Your output must reproduce all the records below precisely and contain no pictures.

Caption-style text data

☆ ☆ ☆ ☆

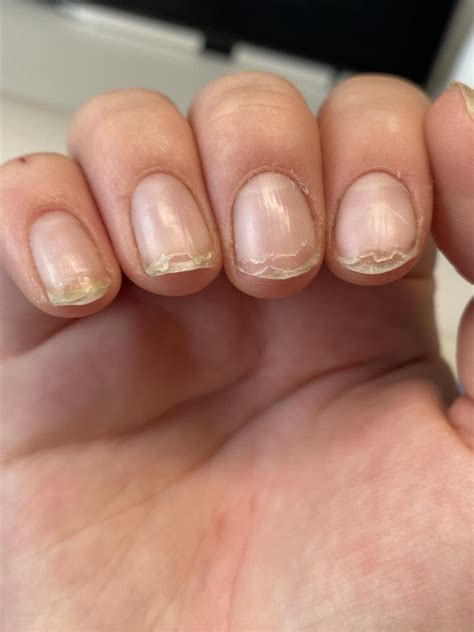 Why are my nails peeling? : r/lacqueristas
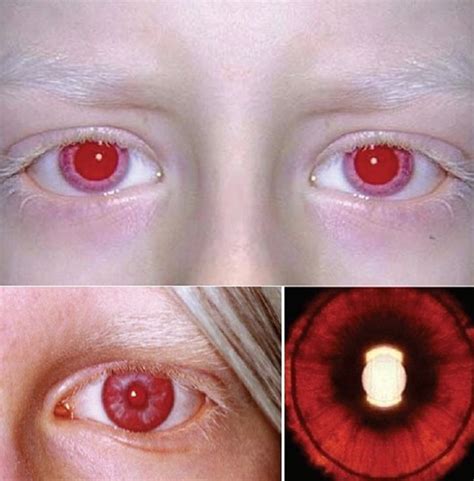 Albino Person Red Eyes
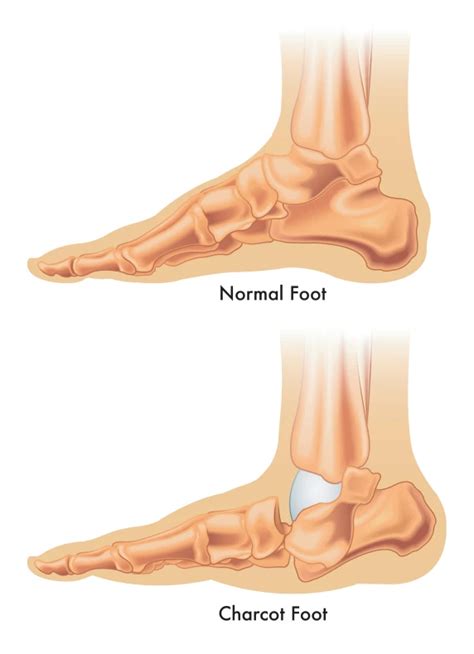 Charcot Foot: A Diabetic Foot Condition | Rocky Mountain Foot & Ankle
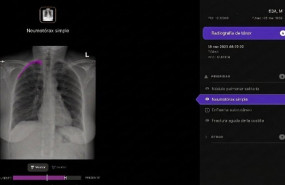 ep radiografia ep radiografia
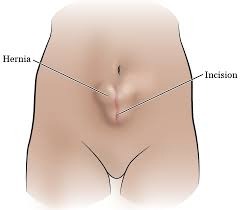 Hernia Causes And Treatment - Hernia Causes And Treatment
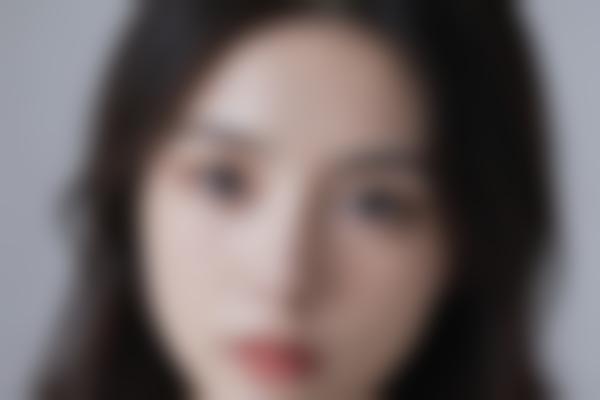 成都陶俊医生塑鼻20余年，10000+美鼻实例打造自然挺翘鼻型！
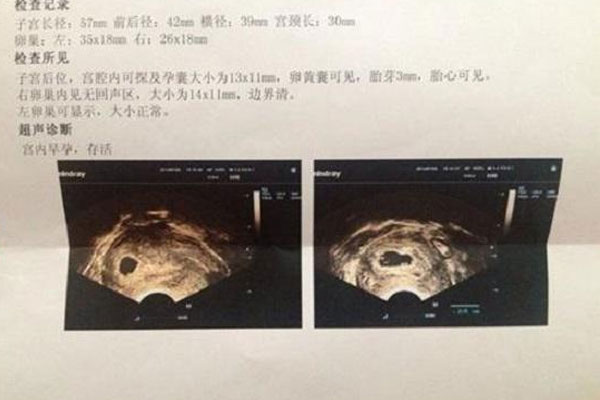 长出的多为胎芽，并不会长出胎心
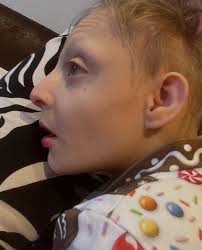 Simone Braunsdorf-Kremer (@jonathan_ein_leben_mit_mopd1) • Instagram photos  and videos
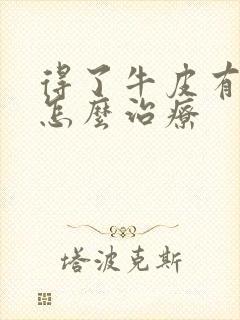 得了牛皮有癣该怎么治疗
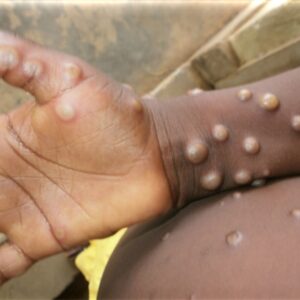 maymun cicegi virusu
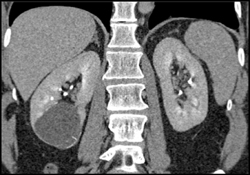 Bosniak Type Ii Cyst - CTisus CT Scan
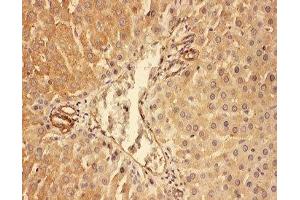 IHC-P: C5a antibody testing of rat liver tissue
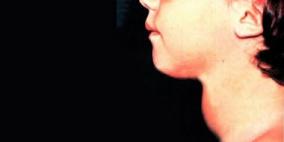 خلل المناعة سبب نشاط الغدة الدرقية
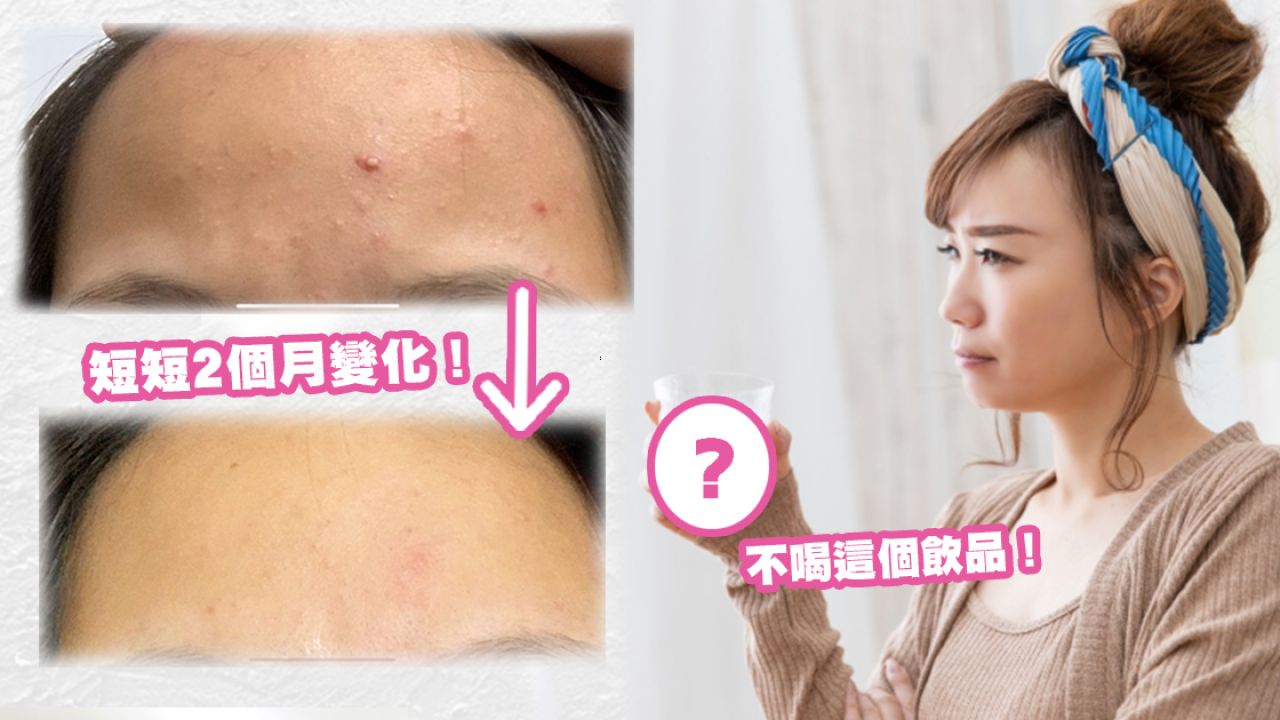 台灣女生分享「去粉刺保養記」！2個月改善粉刺問題！從飲食習慣、護膚品入手！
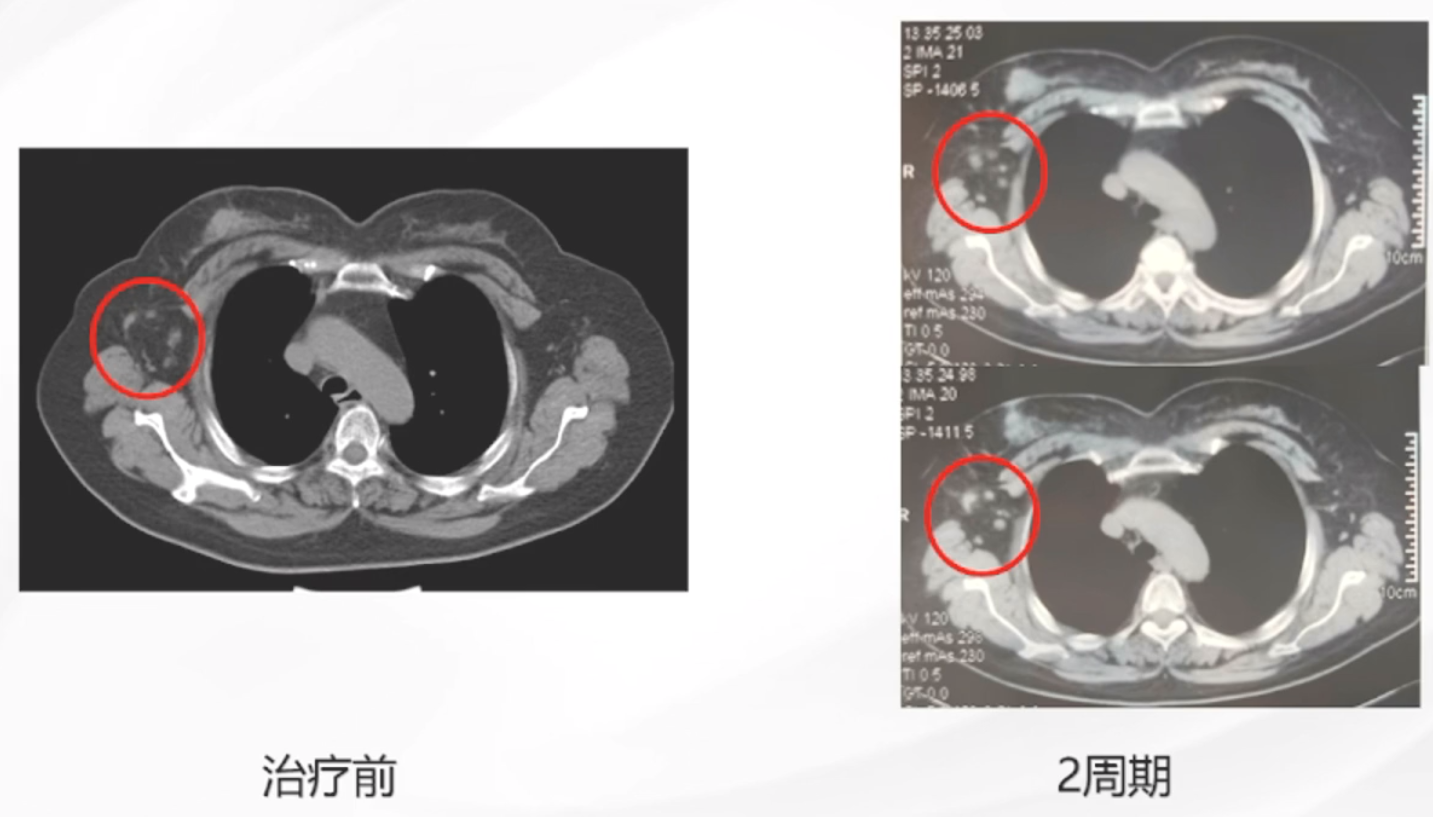 图4. 治疗2周期后疗效评估.png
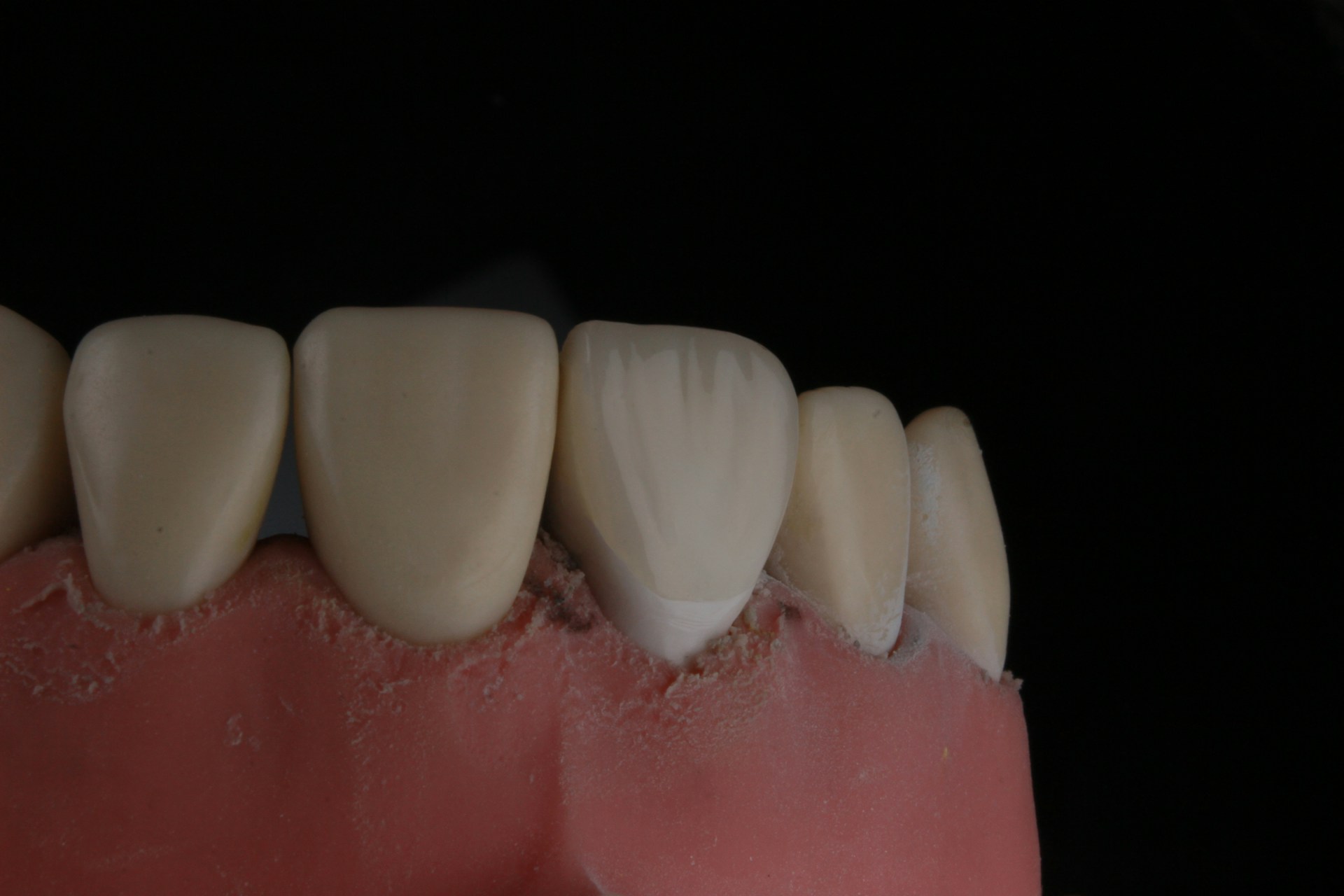 Black Triangles Between Teeth: Causes and Treatment Options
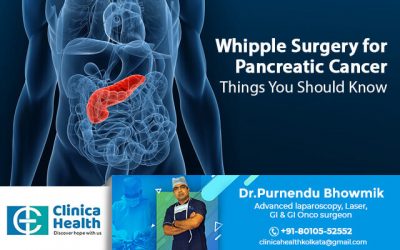 Whipple Surgery for Pancreatic Cancer – Things You Should Know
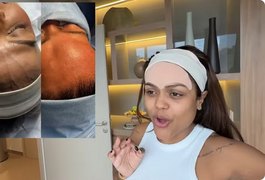 Influenciadora Camila Loures retira 'veia saltada' na testa; procedimento carece de respaldo científico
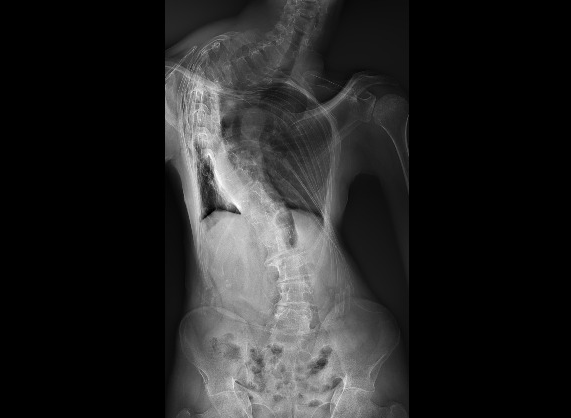 Escoliótico | Uma reflexão seis anos&nbsp;depois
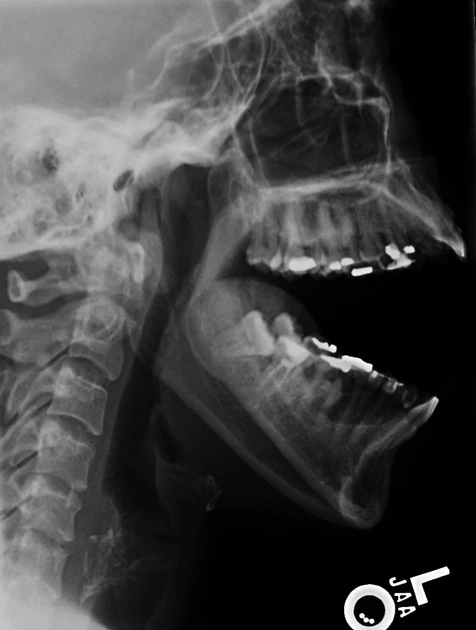 Trật khớp thái dương hàm (Temporomandibular joint dislocation)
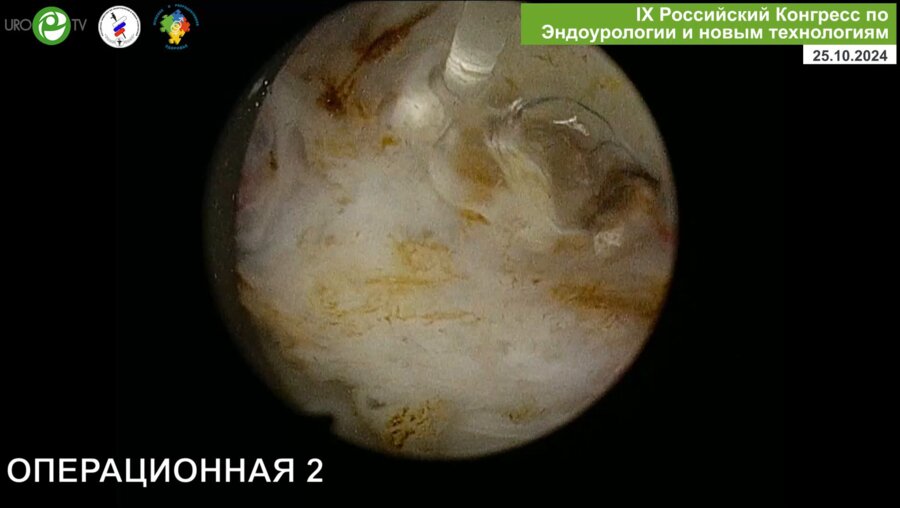 Бурлака О.О. - Лазерная энуклеация простаты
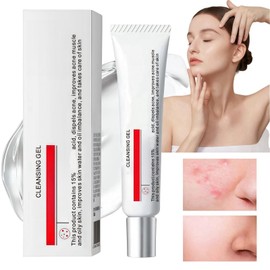 15% Acid Acne Treatment Gel,Anti Acne Face Cream,Face Acne Treatment,Acid 15% Facial Serum Cream,Spot Treatment,Gentle Acne Cream,Spot Serum Cream for Face,Pimple Treatment Gel Cream,Face Gel for Acne
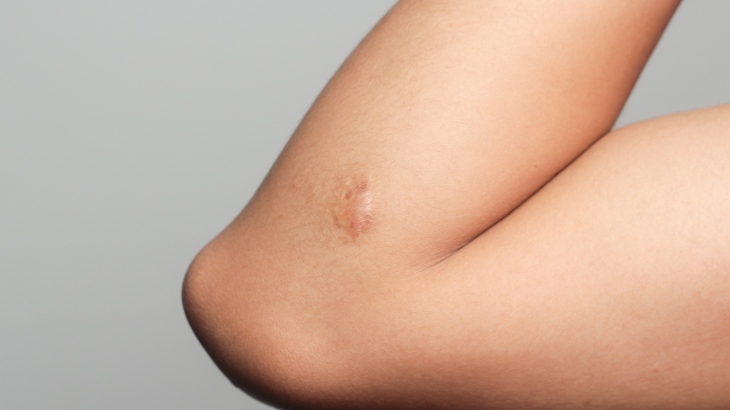 Keloid Nedir? Belirtileri ve Tedavi Yöntemleri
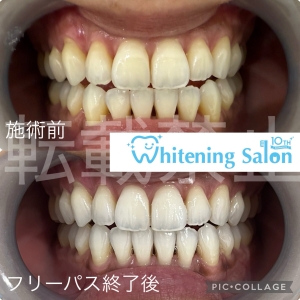 【歯の虫歯を予防するための食事習慣】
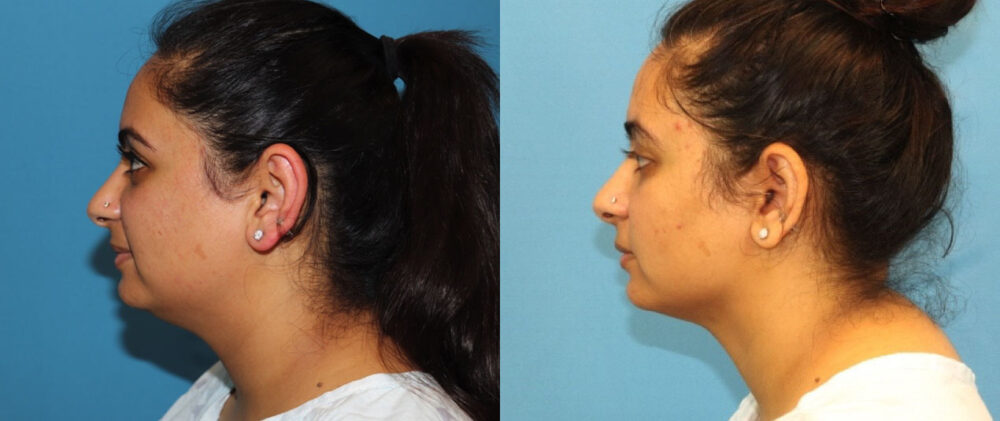 Submental Liposuction case #6946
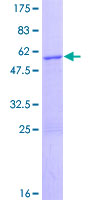 ZBED3 Protein - 12.5% SDS-PAGE of human ZBED3 stained with Coomassie Blue
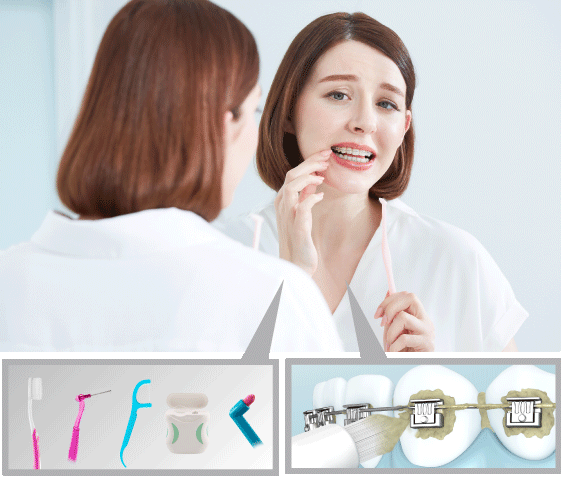 Îngrijirea bucală este adesea o provocare pentru pacienții cu lucrări ortodontice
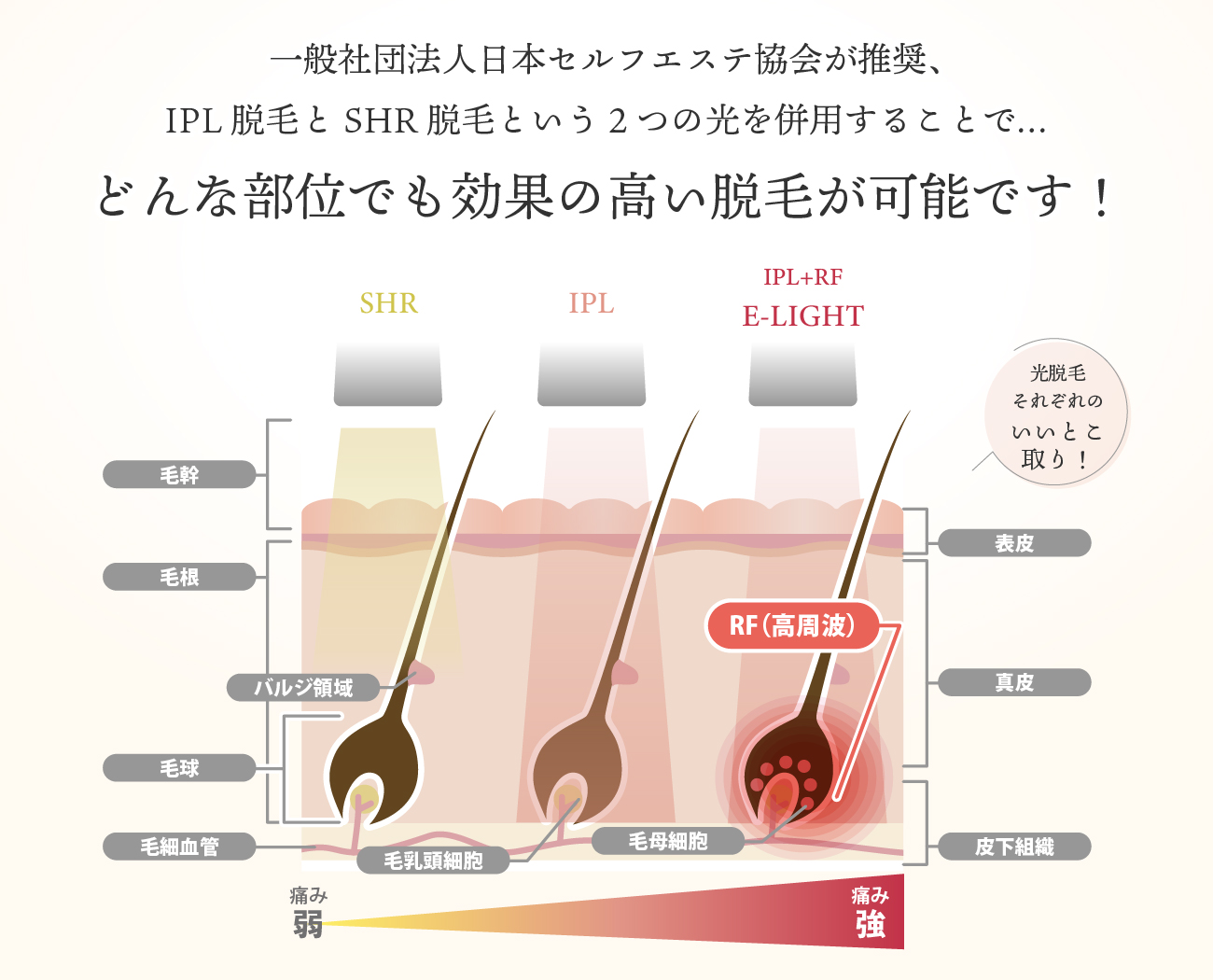 一般社団法人日本セルフエステ協会が推奨、IPL脱毛とSHR脱毛という2つの光を併用することで、どんな部位でも効果の高い脱毛が可能です！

☆ ☆ ☆ ☆

_YOUR RESPONSE_.
 Why are my nails peeling? : r/lacqueristas
 Albino Person Red Eyes
 Charcot Foot: A Diabetic Foot Condition | Rocky Mountain Foot & Ankle
 ep radiografia ep radiografia
 Hernia Causes And Treatment - Hernia Causes And Treatment
 成都陶俊医生塑鼻20余年，10000+美鼻实例打造自然挺翘鼻型！
 长出的多为胎芽，并不会长出胎心
 Simone Braunsdorf-Kremer (@jonathan_ein_leben_mit_mopd1) • Instagram photos  and videos
 得了牛皮有癣该怎么治疗
 maymun cicegi virusu
 Bosniak Type Ii Cyst - CTisus CT Scan
 IHC-P: C5a antibody testing of rat liver tissue
 خلل المناعة سبب نشاط الغدة الدرقية
 台灣女生分享「去粉刺保養記」！2個月改善粉刺問題！從飲食習慣、護膚品入手！
 图4. 治疗2周期后疗效评估.png
 Black Triangles Between Teeth: Causes and Treatment Options
 Whipple Surgery for Pancreatic Cancer – Things You Should Know
 Influenciadora Camila Loures retira 'veia saltada' na testa; procedimento carece de respaldo científico
 Escoliótico | Uma reflexão seis anos&nbsp;depois
 Trật khớp thái dương hàm (Temporomandibular joint dislocation)
 Бурлака О.О. - Лазерная энуклеация простаты
 15% Acid Acne Treatment Gel,Anti Acne Face Cream,Face Acne Treatment,Acid 15% Facial Serum Cream,Spot Treatment,Gentle Acne Cream,Spot Serum Cream for Face,Pimple Treatment Gel Cream,Face Gel for Acne
 Keloid Nedir? Belirtileri ve Tedavi Yöntemleri
 【歯の虫歯を予防するための食事習慣】
 Submental Liposuction case #6946
 ZBED3 Protein - 12.5% SDS-PAGE of human ZBED3 stained with Coomassie Blue
 Îngrijirea bucală este adesea o provocare pentru pacienții cu lucrări ortodontice
 一般社団法人日本セルフエステ協会が推奨、IPL脱毛とSHR脱毛という2つの光を併用することで、どんな部位でも効果の高い脱毛が可能です！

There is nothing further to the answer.